Im vergangenen Jahr war die Tuba das Instrument des Jahres, weshalb wir in jeder Ausgabe einen Tubisten befragt haben. 2025 ist „die Stimme“ das Instrument des Jahres – und da haben wir uns gedacht, befragen wir doch die Dirigenten. Das soll nicht zwingend bedeuten, dass Dirigenten zu viel reden, aber sie haben sicher was zu sagen… Den Anfang macht Thomas Doss.
Als Einstieg, kurz gefragt: Was ist eigentlich so faszinierend am Dirigieren?
Der gruppendynamische Prozess.
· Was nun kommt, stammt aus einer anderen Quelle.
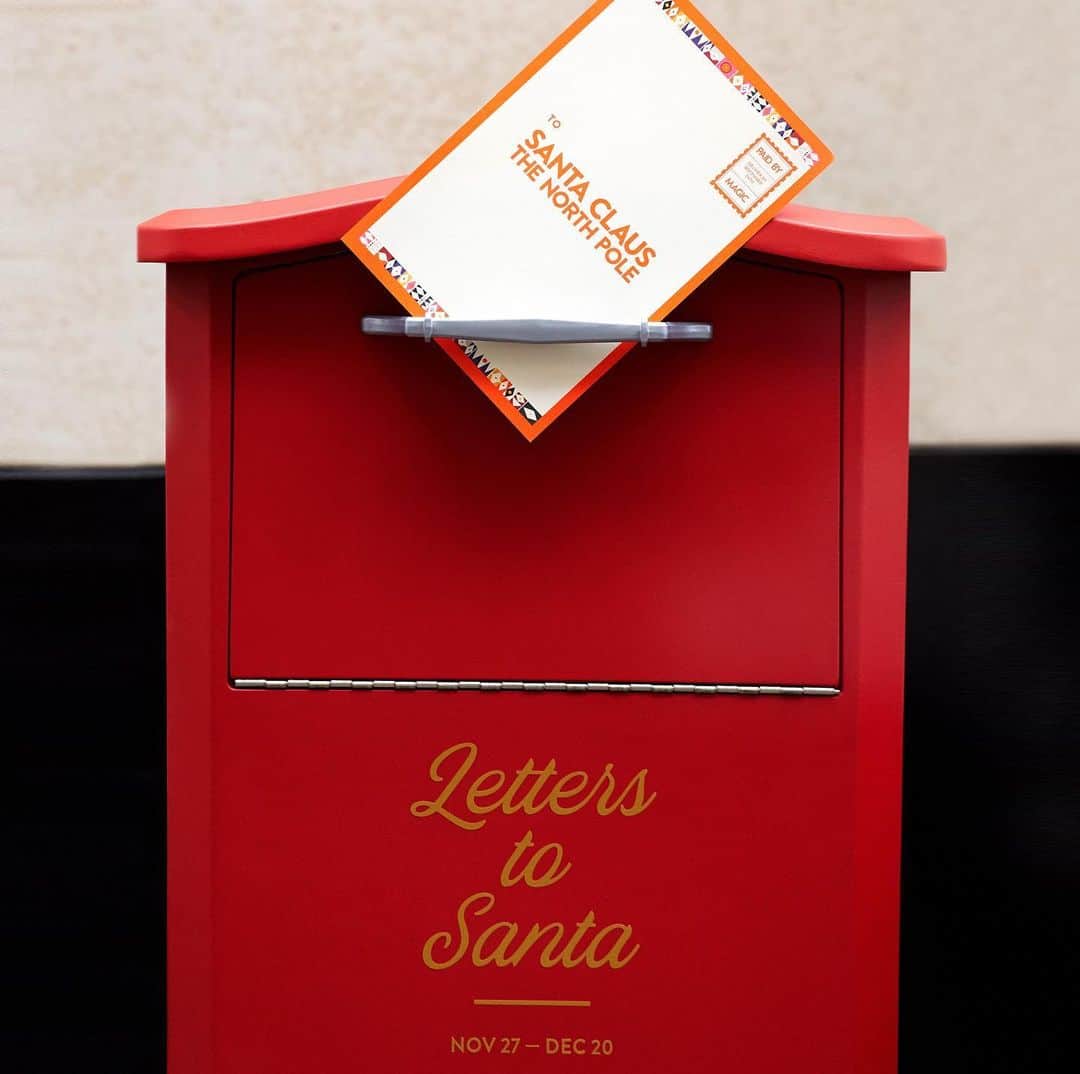 Nordstromさんのインスタグラム写真 - (NordstromInstagram)「Is your kiddo on the ‘nice list’ this year? (Of course they are!) Santa wants to know about it, and this is their chance to drop hints on the gifts topping their wish list! Handwrite Santa a letter or send one via email by December 20 to reach him by Christmas—you can even print a Dear Santa letter template at home or pick one up at any Nordstrom store. Find more info at the link in bio! #MakeMerry」12月1日 13時54分 - nordstrom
Der Workflow. Der Prozess, in dem das Orchester allmählich die Führung und Verantwortung übernimmt und man sich als Dirigent nach und nach zurücknehmen kann, um zuzulassen.
Wie bereiten Sie sich auf eine Probe oder Aufführung vor?
Partitur lernen.
Wie gehen Sie mit technischen oder musikalischen Schwierigkeiten während der Probe um? Wie arbeiten Sie an Klangfarben, Intonation, Rhythmik?
Es gibt Dinge, die man nicht erzwingen kann. Je besser das Orchester, desto subtiler auch die Kommunikation im Erklären von Ideen, Farben und Stimmungen. Rhythmus ist nicht verhandelbar. Da kann man höchstens geschickt retuschieren. Intonation: wer singen kann, kann auch intonieren.
Auf was legen Sie beim Einspielen in der Probe wert?
Ankommen, landen, spielen. Und keine Raketenwissenschaft daraus machen. Es gibt zu viele Bücher zu diesem Thema.
Wie bauen Sie eine gute Kommunikation mit Ihrem Orchester auf?
Offen und authentisch sein. Klarheit. Humor und hinter dem stehen, was man macht. Auch wenn man seine musikalische Meinung mal ändert.
Wie gehen Sie mit unterschiedlichen Persönlichkeiten und Temperamenten innerhalb des Orchesters um?
Ich bleibe auf der Sachebene. Versuche respektvoll zu sein.
Was tun Sie, wenn etwas während einer Aufführung nicht wie geplant läuft?
Retten was zu retten ist. Keine Panik. Worst case: nochmal beginnen. Ist für Publikum sicher auch interessant.
Welche drei Ratschläge würden Sie jungen Dirigentinnen/Dirigenten mitgeben?
Der Mensch ist wichtiger als die Musik. Gewährleiste zuerst den Ablauf eines Werkes und verliere dich nicht in Details. Trage Verantwortung, aber nimm dich zurück.
Wie stellen Sie ein Konzert-Repertoire zusammen?
Es geht um eine Spannungskurve, welche ihren Bogen bis zum Ende gespannt halten muss.
Haben Sie ein Lieblingswerk? Welches und warum?
Viele, aber nicht in der Blasmusik. Eines meiner Lieblingswerke ist die Pastorale von Beethoven.

Thomas Doss
- Studien in Linz, Wien, Salzburg, Maastricht, Los Angeles in Posaune, Komposition, Dirigieren, Instrumentation
- 1988 Dirigier-Debüt Wiener Konzerthaus/Wiener Kammerorchester
- 1991 bis 1993 Chefdirigent Staatliches Sinfonieorchester Quedlinburg
- Seit 2001 Zusammenarbeit mit dem Verlag MITROPA und seit 2021 auch OKTAVIAN Music (distributed by Hal Leonard)
- Unterrichtstätigkeit MUK Wien 2000 bis 2010, Conservatorio Bolzano 2010 bis 2016, seit 1991 am Oberösterreichischen Landesmusikschulwerk – Koordinator für Ensembleleitung Blasorchester (EBO)
- Tätigkeit als Dirigent/Komponist/Juror weltweit.
- Zahlreiche Preise und Auszeichnungen. Zuletzt der internationale BUMA Music-Award 2019.